# Moving an Outlet



## shan2themax (Aug 3, 2009)

In my kitchen behind the countertops that I put under the window is an outlet.  I would like to move that outlet above the countertop.  I would also like to make it a double outlet.
In so doing, I am wondering if I can do this without having to go up in the attic and pull wires.  Can I just pigtail (I think that is the proper term)the current outlet and leave it behind the cabinets and then connect/install 2 new outlets above the counter/under the window?
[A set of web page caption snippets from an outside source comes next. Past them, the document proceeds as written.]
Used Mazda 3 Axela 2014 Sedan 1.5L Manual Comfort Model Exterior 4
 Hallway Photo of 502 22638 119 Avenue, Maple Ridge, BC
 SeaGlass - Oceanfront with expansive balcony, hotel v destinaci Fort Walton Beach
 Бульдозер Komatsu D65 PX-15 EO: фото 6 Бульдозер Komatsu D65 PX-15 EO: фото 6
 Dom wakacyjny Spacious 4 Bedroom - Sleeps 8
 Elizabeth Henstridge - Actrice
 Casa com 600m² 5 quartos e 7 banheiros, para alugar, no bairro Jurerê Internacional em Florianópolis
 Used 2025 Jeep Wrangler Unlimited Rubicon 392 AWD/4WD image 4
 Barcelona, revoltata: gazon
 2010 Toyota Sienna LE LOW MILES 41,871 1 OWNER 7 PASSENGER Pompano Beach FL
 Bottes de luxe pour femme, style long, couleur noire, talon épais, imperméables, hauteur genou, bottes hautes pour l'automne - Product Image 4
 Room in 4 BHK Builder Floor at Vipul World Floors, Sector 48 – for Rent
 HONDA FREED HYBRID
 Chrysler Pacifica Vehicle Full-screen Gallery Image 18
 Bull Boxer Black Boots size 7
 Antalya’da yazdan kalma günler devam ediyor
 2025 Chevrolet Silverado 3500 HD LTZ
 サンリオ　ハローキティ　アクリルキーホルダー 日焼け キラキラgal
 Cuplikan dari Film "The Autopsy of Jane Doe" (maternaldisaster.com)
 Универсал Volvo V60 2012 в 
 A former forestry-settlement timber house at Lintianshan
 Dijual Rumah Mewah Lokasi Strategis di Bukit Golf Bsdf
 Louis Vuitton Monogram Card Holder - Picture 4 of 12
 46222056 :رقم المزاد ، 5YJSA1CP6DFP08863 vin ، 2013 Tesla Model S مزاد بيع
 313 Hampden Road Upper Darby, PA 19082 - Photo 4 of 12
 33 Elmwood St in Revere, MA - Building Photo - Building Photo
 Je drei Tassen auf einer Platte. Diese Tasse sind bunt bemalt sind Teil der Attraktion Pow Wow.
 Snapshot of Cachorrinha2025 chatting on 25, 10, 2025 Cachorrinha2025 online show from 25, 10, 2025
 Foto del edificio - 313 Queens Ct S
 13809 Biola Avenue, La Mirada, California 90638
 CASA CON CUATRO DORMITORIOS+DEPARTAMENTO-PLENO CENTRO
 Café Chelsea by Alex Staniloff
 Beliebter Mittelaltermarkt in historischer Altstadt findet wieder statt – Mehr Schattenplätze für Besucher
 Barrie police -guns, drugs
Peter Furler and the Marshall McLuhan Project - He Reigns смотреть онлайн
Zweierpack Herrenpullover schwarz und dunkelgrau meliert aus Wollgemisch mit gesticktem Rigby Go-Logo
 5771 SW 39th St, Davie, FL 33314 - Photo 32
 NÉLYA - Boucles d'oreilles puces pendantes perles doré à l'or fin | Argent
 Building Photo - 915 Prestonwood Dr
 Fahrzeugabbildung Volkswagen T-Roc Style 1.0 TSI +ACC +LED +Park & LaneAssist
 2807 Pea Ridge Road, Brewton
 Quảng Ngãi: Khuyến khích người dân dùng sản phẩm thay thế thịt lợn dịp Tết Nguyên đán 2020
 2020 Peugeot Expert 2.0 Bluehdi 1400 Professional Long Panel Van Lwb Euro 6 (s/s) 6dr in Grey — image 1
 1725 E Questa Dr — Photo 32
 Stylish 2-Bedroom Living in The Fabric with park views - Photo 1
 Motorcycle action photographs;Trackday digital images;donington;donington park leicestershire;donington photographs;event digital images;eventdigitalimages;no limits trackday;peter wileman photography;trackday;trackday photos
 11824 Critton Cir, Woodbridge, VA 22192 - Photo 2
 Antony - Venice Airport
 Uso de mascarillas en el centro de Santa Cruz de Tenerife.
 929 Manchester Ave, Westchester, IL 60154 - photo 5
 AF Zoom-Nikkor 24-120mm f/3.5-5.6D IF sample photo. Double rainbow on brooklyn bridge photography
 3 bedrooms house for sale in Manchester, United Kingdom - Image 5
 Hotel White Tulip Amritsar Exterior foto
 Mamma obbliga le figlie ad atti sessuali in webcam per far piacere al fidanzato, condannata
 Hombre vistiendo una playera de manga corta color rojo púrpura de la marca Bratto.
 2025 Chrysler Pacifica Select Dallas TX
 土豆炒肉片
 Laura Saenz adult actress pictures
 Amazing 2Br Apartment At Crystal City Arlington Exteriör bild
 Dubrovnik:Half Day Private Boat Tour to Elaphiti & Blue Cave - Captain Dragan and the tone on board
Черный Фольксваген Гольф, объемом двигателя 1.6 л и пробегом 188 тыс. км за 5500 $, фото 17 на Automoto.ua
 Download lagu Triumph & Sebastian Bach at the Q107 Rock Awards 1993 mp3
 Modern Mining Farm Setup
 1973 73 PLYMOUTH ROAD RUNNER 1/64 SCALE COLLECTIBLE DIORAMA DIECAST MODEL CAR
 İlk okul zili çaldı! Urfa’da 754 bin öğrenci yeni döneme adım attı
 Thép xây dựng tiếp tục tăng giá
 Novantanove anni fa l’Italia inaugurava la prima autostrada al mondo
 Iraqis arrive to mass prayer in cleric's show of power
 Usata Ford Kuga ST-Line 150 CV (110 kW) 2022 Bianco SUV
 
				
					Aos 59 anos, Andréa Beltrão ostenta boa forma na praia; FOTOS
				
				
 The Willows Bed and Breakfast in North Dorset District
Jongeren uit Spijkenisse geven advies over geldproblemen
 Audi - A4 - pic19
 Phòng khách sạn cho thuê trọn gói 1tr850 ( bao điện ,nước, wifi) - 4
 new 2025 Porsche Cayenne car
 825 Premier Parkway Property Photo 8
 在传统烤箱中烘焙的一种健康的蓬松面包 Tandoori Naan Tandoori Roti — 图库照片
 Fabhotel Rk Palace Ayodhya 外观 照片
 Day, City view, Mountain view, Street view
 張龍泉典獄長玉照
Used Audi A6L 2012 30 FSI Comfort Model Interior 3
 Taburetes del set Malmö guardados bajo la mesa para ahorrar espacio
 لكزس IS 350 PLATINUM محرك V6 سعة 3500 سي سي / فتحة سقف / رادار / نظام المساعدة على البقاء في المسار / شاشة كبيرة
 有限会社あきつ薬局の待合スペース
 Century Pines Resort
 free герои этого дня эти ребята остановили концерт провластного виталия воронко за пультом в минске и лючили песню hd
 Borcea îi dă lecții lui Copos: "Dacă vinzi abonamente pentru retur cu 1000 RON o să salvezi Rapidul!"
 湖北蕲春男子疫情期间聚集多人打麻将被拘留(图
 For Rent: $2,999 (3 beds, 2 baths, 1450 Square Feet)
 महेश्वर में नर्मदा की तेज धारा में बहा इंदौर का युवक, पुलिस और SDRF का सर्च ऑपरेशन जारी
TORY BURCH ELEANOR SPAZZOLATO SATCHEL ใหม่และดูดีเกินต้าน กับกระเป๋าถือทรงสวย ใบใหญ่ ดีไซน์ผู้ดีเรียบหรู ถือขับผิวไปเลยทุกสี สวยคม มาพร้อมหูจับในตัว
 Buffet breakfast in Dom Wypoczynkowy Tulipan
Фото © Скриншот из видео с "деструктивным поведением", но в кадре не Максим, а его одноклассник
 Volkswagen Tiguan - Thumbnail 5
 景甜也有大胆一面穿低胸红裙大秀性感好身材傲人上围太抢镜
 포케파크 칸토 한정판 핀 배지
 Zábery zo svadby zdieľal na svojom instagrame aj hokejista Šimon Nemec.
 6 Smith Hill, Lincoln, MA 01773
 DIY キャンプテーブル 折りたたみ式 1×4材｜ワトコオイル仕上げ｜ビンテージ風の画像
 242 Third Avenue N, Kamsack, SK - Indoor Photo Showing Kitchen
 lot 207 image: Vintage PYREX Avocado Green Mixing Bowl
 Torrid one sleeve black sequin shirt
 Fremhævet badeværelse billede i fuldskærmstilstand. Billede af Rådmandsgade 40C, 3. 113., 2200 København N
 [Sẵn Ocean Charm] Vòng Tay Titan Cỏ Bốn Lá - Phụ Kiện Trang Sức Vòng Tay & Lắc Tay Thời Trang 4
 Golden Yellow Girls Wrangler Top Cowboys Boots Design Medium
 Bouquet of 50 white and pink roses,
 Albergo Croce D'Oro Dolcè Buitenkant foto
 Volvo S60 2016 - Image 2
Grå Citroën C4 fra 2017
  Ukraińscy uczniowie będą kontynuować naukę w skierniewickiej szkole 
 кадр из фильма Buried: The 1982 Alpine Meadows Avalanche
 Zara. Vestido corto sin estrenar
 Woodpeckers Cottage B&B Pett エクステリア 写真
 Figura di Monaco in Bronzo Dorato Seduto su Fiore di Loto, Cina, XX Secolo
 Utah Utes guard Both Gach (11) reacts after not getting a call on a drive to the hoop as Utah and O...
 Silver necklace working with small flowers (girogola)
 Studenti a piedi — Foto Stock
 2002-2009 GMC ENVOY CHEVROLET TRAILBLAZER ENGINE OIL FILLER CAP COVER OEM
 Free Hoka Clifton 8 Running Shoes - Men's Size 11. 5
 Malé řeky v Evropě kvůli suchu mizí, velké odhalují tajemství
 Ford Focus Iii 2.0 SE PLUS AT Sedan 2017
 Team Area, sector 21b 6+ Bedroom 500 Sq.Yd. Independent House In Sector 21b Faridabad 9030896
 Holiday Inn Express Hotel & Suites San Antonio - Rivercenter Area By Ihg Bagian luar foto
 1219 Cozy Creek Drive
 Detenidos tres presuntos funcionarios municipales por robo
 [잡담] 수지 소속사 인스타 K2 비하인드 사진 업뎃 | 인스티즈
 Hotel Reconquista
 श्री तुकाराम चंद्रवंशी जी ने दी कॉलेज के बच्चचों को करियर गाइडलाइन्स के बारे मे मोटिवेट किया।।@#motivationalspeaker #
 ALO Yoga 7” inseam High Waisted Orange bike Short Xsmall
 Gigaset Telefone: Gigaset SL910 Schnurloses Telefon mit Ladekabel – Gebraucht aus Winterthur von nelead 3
Not a really good picture or the window but the outlet is basically a few inches to the right of the silver bottle sitting in the window sill


----------



## kok328 (Aug 3, 2009)

Are you sure you posted the correct pic.  I can barely see the window and can't see the silver bottle.  Doesn't matter though, pic really not necessary.   The answer depends on whether you want your new outlet to be directly above the old outlet or not because you'll have to go through wall studs and then your options are that you go up into the attic and back down between different wall studs where you want the outlet or demo some drywall and run across under the counter and then up to your new outlet location.


----------



## glennjanie (Aug 3, 2009)

Hello Shan:
Yes, you can move the outlet. I suspect it comes up from down below. Is there an outlet to the left of the cabinets there? If there is, the outlet in question probably comes off that one.
Square Eye (my son Tom) taught me to install only one outlet and get a plug-in 6 space outlet. You can find them at Lowe's or Home Depot. Not the one with a cord now, it is plugged straight into an outlet and you put a screw in it just like you would a cover plate.
Glenn


----------



## Nestor_Kelebay (Aug 3, 2009)

The problem with an outlet like that is that it leads to the temptation to have everything you need in the kitchen plugged in at once.  You end up with a toaster, coffee maker, microwave oven, capacino machine, waffle iron and electric wok all plugged in to that outlet.  And, that means the conductor of that orchestra has to exercise the discipline not to turn on too many things at once cuz even though you got 6 outlets, they all still have to share a measly 15 amps.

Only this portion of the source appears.